Basin Recreation Public Affairs Manager announces retirement
Ryan Summerlin March 19, 2013
Snyderville Basin Special Recreation District’s first employee will be blazing a new trail this summer.
Bonnie Park will be retiring in May, after working for the District since 1996.
"It was a big learning curve to start with and nobody knew who Basin Recreation was for a very long time, but it has definitely become a big part of the community now," Park said.
Park served for 10 years as the Basin Recreation administrator, until stepping down in 2006 to spend more time with family. She then became the Special Projects Administrator for a few years, until she was appointed Public Affairs Manager, the position she currently holds.
"It’s a big organization now," Park said. "We have 22 full-time staff, a number of seasonal workers and we now offer a broad range of services. It’s become very big. In retrospect, as I’ve looked at this decision to move on, I prefer more ground-floor opportunities with smaller organizations. It’s just my nature"
Park said the positions she has held in the past have been with smaller organizations, and when she started with Basin Recreation, it was also smaller at the time.
"When I stepped down in 2006, I compared it to raising my third child up through adolescence. And I said, I don’t need to be in charge of this," she said.
Park began working with Basin Recreation after observing young children playing at City Park.
"I had young children and I noticed there were no other places for kids to play in the Basin other than a few little neighborhood parks," she said. "At first, working with Basin Recreation was creating places to play at a time when growth was incredible. We were able to work in conjunction with the Summit County Planning Department at the time they were revising the General Plan, much like they are now."
Basin Recreation and the Planning Department wrote provisions into the General Plan requiring park sites be dedicated as part of the development approval process, Park said.
"In addition, as new development was approved, we were able to acquire trail easements so that, piece by piece, the trail system came together," she said. "A lot of people used to say, why doesn’t that trail go anywhere? And we said that it will someday. It just took a long time to get there."
Park added that when she was first hired, Basin Recreation’s board had just acquired Trailside Park.
"We were working with the landscape architect through the approval process, and people were asking why we were building that park in the middle of nowhere. As you can see, it’s not in the middle of nowhere anymore," she laughed.
contrast, Willow Creek Park was built adjacent to several neighborhoods.
"It was a very controversial approval process, because we were putting a park in the middle of all those neighborhoods," Park said. "There were a lot of feelings about that. The idea behind the big public parks is to bring neighborhoods together, and I think that park in particular demonstrates how successful that ideology was."
Park’s efforts haven’t gone unnoticed. She recently received the Utah Recreation and Parks Association Lifetime Achievement Award
"That was a surprise," she said. "It was a very nice, thoughtful gesture and it was quite an honor."

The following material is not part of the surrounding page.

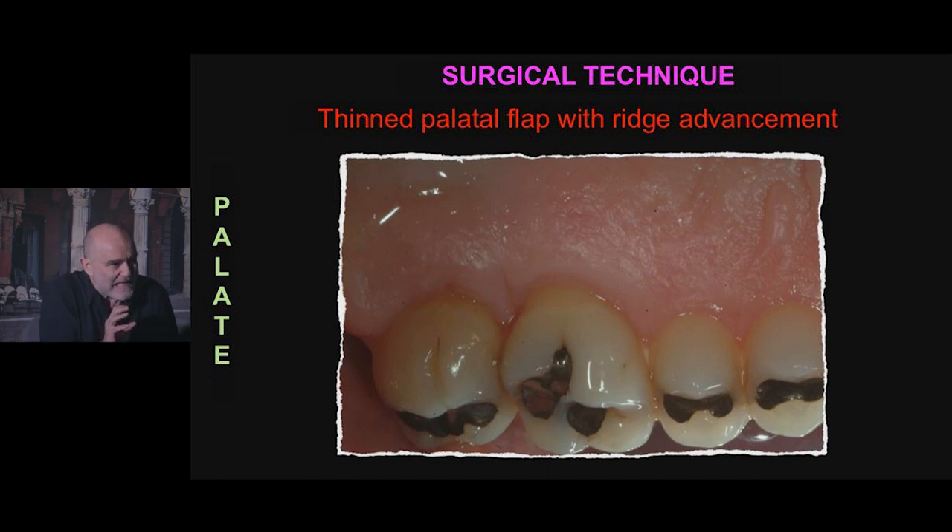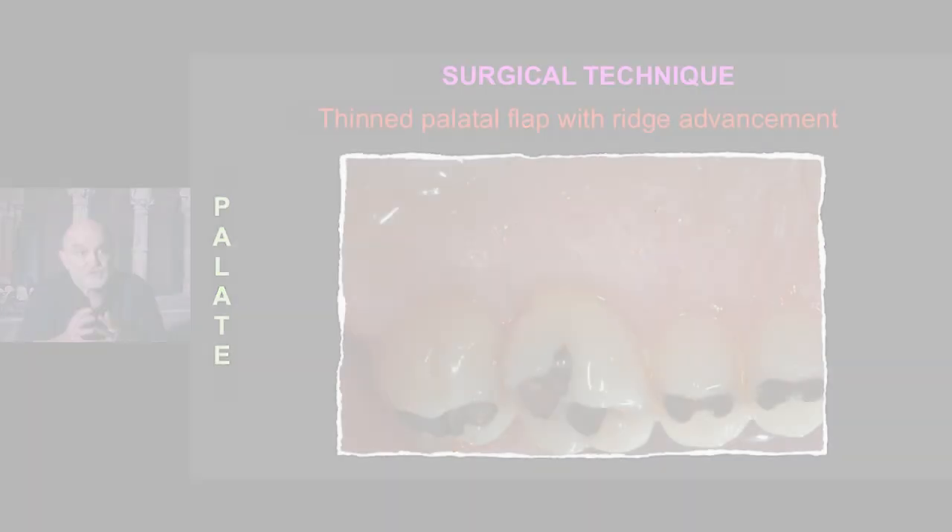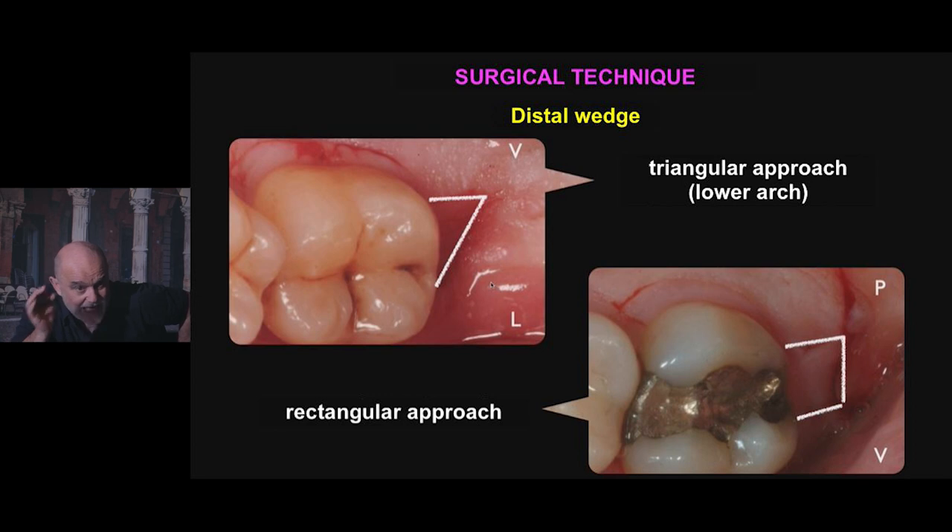If you do not thin out the palatal flap, you won't have the opportunity to reposition it apically. And in any case, if it remains thick — even if you do gingivectomy to reduce the original thickness of the soft palatal tissue — this will grow back depending on the thickness of the soft tissue. So don't even think about it.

Park said she’s proud of many things from the 17 years she’s been with Basin Recreation, but she attributes many of the accomplishments to a great working board, which she said was able to achieve a high level of interlocal cooperation.
"The board has had to be very involved with a lot of communities and works with Park City and the school district," she said. "People ask us how we get to use the school district field. Well, we offered to maintain it, which benefits everybody, because school districts are in the business of educating people. When they are going through budget struggles, they don’t necessarily want to spend a lot of money maintaining their field facilities.
"We have a demographic that values our field facilities, so if we can maintain the fields to a level that keeps them in great shape for all our recreational activities and competitive clubs, everybody wins."
Park said she is not currently searching for work but is instead going to take some time to regroup.
"I’m looking forward to taking some time off, and I have some other ideas for career paths I might want to take," she said. "For now, I’m going to do a little bit of traveling and be out on the trails. The nice thing about living where we live, you don’t have to go very far to have some fun."